My plan is to first built a heavy long range rifle with a 26-28" barrel then a lighter hunting rifle later on.
Does anyone have real world load data with the 180gr weight bullets loaded with AR2217 and AR2225?

regards Sam

----------


## chainsaw

RL26 is your friend for BM

----------


## Lowang

> RL26 is your friend for BM


RL26 does look intriguing but there is no freight option to bring the Alliant powders into my state so its availability to me is limited. I also would want to most temp stable combination i can get even if that requires sacrificing a little velocity hence my interest in the ADI powders.

regards Sam

----------


## Gkp

Hi guys, this caliber sounds like the way forward. I am thinking about building one of these and was wanting to know the following from those shooting the 7BM:
Barrel length?
Twist rate?
Projectile weight?
Velocity?
Accuracy?
Thanks, much appreciated.

----------


## camo wsm

> Hi guys, this caliber sounds like the way forward.
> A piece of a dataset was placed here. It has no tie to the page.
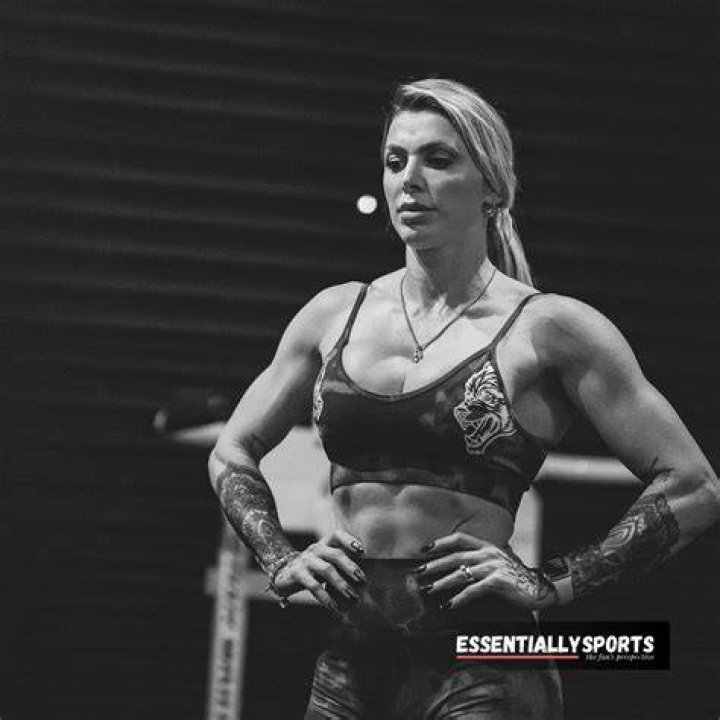 “Start Paying Them Better and This Won’t Happen”: Another Bodybuilder Backing
Out Just Days Ahead of Mr. Olympia Draws Uncomfortable Questions From Fans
I am thinking about building one of these and was wanting to know the following from those shooting the 7BM:
> Barrel length?
> Twist rate?
> Projectile weight?
> Velocity?
> Accuracy?
> Thanks, much appreciated.


So far have done them from 24”-27”
All 1:8 twist
All running 180’s
Velocity 3000-3100 accuracy loads with rl26
Accuracy very good so far seems to be a nice well balanced combo,

----------


## andyanimal31

Any one got a trim length for the 7mm blaser magnum?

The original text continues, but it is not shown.